En 2004, Marc Meneau retrouve finalement son étoile perdue. "C'est un soulagement. c'est 5 ans de purgatoire et rattrapé une étoile, c'est beaucoup plus dure que de l'acquérir", déclare à l'époque le chef cuisinier.
Outre son talent aux fourneaux, Marc Meneau, inventeur du cromesquis de foie gras et de l'huître en gelée d'eau de mer, a publié plusieurs livres de cuisine et a travaillé comme consultant culinaire sur plusieurs films, notamment Marie-Antoinette de Sofia Coppola.
Il a été nommé chevalier de l'ordre des Arts et des Lettres, puis chevalier de l'ordre national du Mérite, et enfin chevalier de la légion d'honneur en 1998.
Les années noires
En parallèle de l'Espérance, Marc Meneau investit dans plusieurs projets, plusieurs établissements.
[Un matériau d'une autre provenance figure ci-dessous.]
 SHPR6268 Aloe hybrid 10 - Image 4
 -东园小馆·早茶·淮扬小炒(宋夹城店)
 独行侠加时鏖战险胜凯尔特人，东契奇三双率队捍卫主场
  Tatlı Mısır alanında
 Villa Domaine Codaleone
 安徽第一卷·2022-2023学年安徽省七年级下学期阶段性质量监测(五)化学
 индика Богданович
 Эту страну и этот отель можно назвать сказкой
Mais en 2007, les dettes se sont accumulées. Sa société est placée en liquidation judiciaire. Dans la foulée, il renonce aux étoiles mais ne renonce pas à la cuisine.
En 2008, L’Espérance figure à nouveau dans le guide Michelin, avec ses 2 étoiles. En 2010, Marc Meneau plante son propre potager, certifié bio, au sein même du parc de l’Espérance.
Mais la fougue ne suffit pas. Les ennuis financiers ne le lâchent pas. En 2015, il vend l'auberge de l'Espérance. C'est la fin d'une carrière, d'une passion et d'une grande histoire d'amour entre le cuisinier et Vézelay.